James Henry Leuba (April 9, 1868 – December 8, 1946) was an American psychologist best known for his contributions to the psychology of religion. His son Clarence James Leuba was also a psychologist and taught at Antioch College in Yellow Springs, Ohio.

==Career==
Leuba was born in Neuchâtel Switzerland, and later moved to America. He took his Ph.D. at Clark University under G. Stanley Hall. His work was marked by a tendency to explain mysticism and other religious experiences in psychological terms. Philosophically, his position may be described as naturalism. His work points to similarities between religious mysticism and yoga or drug-induced mysticism; he does accept differences between these in terms of moral motivation and to what uses mysticism is put. His psychological study of religion aroused opposition from churchmen. He argued for a naturalistic treatment of religion, which he considered to be necessary if religious psychology was to be looked at scientifically. He was an atheist.

== Bibliography ==
- Leuba, J. H. (1909). The Psychological Origin and the Nature of Religion.

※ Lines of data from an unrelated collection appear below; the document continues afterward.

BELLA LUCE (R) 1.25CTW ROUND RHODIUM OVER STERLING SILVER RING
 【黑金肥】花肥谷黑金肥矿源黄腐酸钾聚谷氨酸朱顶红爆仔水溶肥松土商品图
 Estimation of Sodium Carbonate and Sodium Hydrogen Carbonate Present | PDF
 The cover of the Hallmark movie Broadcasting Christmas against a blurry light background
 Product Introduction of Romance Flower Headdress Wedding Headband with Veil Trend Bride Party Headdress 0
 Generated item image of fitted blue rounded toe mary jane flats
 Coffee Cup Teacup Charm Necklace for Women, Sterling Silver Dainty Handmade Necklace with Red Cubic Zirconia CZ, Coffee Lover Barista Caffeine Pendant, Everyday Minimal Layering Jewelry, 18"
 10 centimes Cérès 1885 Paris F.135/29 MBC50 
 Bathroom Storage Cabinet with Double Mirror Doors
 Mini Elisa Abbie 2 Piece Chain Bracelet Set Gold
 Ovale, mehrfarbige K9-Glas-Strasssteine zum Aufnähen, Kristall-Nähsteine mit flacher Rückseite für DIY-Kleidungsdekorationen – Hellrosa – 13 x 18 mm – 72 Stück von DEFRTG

- Leuba, J. H. (1912). The Psychological Study of Religion: Its Origin, Function, and Future. New York: Macmillan.
- Leuba, J. H. (1916). The Belief in God and Immortality. Boston: Sherman, French.
- Leuba, J. H. (1925). The Psychology of Religious Mysticism. New York: Harcourt, Brace. (1925 UK edition. London: Kegan Paul, Trench & Trubner).
- Leuba, J. H. (1933). God or Man? A Study of the Value of God to Man. New York: Henry Holt and Company. (1934 UK edition. London: Kegan Paul, Trench & Trubner).